I know some of you are cringing and probably ready to click the exit button, but hold on!

I get it, but LeBron is a “flopper”, “crybaby”, “always travels”, or “trying to be like Mike”. You can’t flop or cry your way into passing Jordan in multiple categories. For the record, just this past week James admitted that it was “like Mike” he wanted to be.

“I wear the number because of Mike,” James said. “I think I fell in love with the game because of Mike, just because of what he was able to accomplish. When you’re watching Michael Jordan it’s almost like a god. So I didn’t think I could be Mike.”

This is about levels of appreciation although he may have beaten your team, draws in Jordan comparisons, or irks your last nerve.

“But LeBron rests, Jordan didn’t.”

Take this for data, from Owen Phillips at fivethirtyeight.com.

“Since entering the league in 2003, James has never sat out for more than 15 percent of a season (regular and playoffs combined).

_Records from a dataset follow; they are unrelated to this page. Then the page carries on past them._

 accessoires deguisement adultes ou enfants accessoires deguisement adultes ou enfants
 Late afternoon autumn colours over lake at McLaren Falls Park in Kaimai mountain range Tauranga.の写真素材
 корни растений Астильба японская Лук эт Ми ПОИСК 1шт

Among players of his caliber, past and present, that’s unprecedented. Stephen Curry had ankle issues at the start of his career; both Tim Duncan and Kobe Bryant experienced late-season injuries that forced them to miss the playoffs in, respectively, 2000 and 2013; and Michael Jordan broke his foot in his sophomore season. Then there’s James. He’s never missed a playoff game, and even though he has the sixth-most regular-season minutes of all time among players at the same point in their careers (within their first 14 years in the league), the most severe injuries he’s incurred are a sore back and knee and some untimely cramps.”

Are we really going to criticize a guy that took a couple of games off in the season? What about in the midst of current NBA Commissioner Adam Silver advising the schedule needs to accommodate more rest? Did you know that the 2017-2018 NBA Season will start early in October and the Preseason will be cut short for the resting accommodations in the schedule?

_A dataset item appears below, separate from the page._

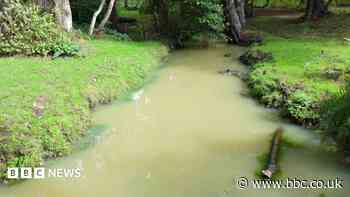 Warning over water leak's impact on forest river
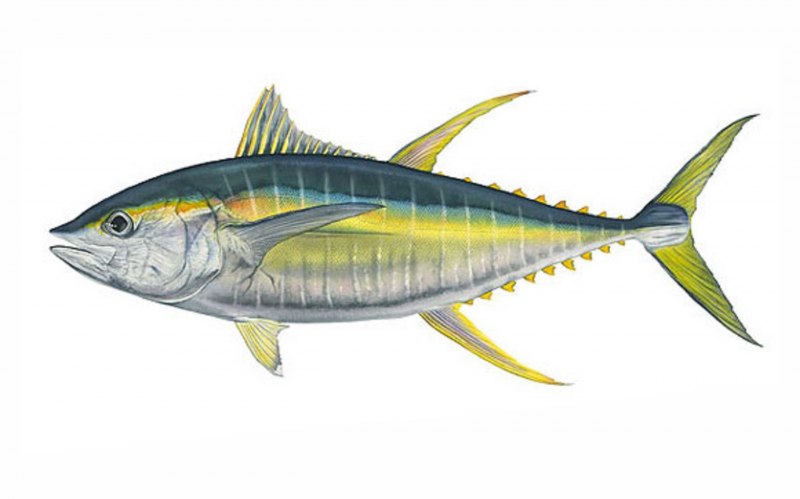 Желтопёрый тунец Thunnus Albacares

I interviewed a few Jordan fans this past week and asked them, “do you respect LeBron James more than you did 2-3 years ago?” One replied, “Always have, just don’t like him, like Kobe, don’t like him”. He later followed up and said, “he’s the best since MJ, they are both amazing, goats, but my old ass loves MJ”.

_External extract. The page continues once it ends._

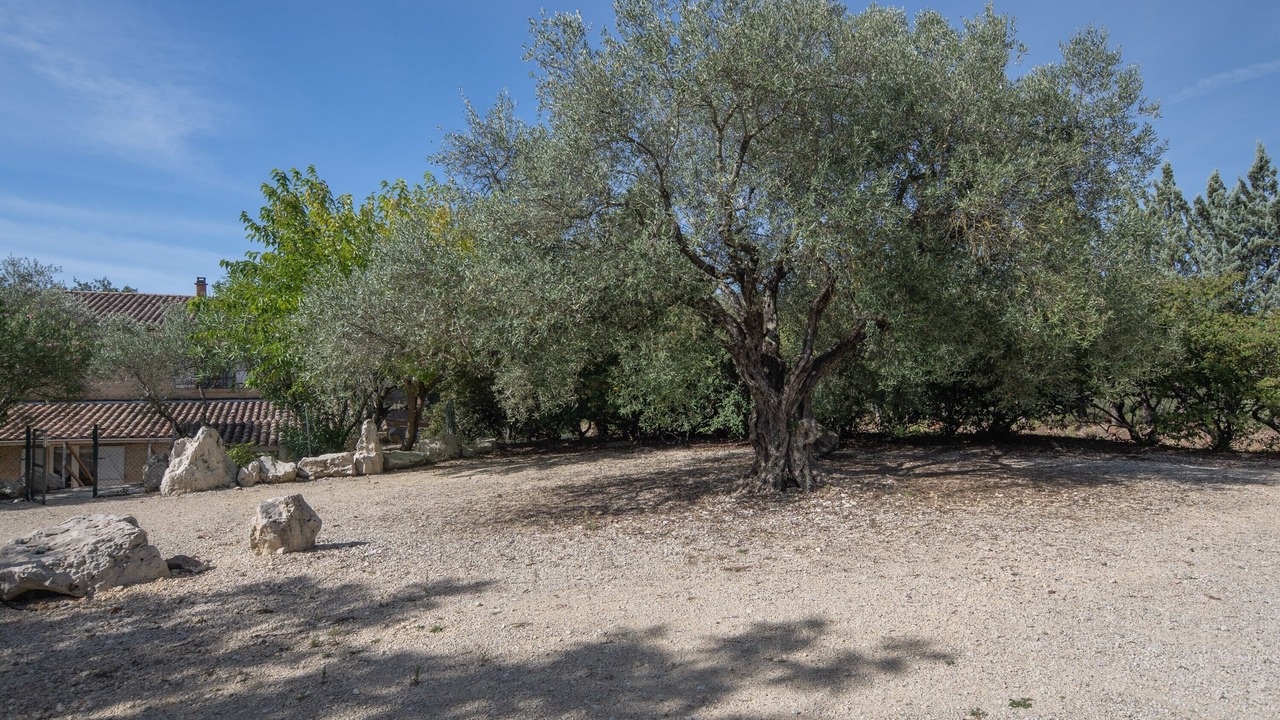 Photo of Others in Saint-Sauveur-de-Cruzieres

If you hate LeBron James, what was your reaction when he chased down Andre Iguodala’s layup in Game 7 of last year’s NBA Finals? “That’s goaltending!” Today, is there any appreciation that the man chased down a block that set-up a Kyrie Irving game winning shot? “He didn’t hit no basket, Kyrie won them that championship”. See, these are real actual responses from real life anti-Lebron folks.

Let’s also foolishly ignore the fact that LeBron James played in a league against Kobe Bryant, Tim Duncan, Kevin Garnett, Paul Pierce, Greg Popovich, the Golden State Warriors, all which are future Hall of Famers.

The excuses always will pour on for LeBron James and the data speaks otherwise. Trust me, I’ve tried to discredit LeBron many times and years in the making. It worked for a while especially all the way through the 2011 NBA Finals. All of a sudden it became a must difficult task to do as James’ career progressed.

If you made it this far I’d like to thank you personally. I believe that Jordan still holds the top spot but a close challenger is in his rearview mirror. The mind boggling part of this great debate is that 14 years ago who knew that I’d have a small bit of appreciation for LeBron James. I’m telling you all now, it’s ok to say, “yeah he’s pretty damn good and up there close to Michael”. I promise you will not melt nor be hell sent.

Sometimes, people, it doesn’t hurt to appreciate a little rather than express hate. Pass it on!

As James heads to his seventh straight NBA Finals next Thursday, he yet again joins an elite company with this accomplishment. If you’re as much of a hater or appreciate then, either way, you will be witnessing.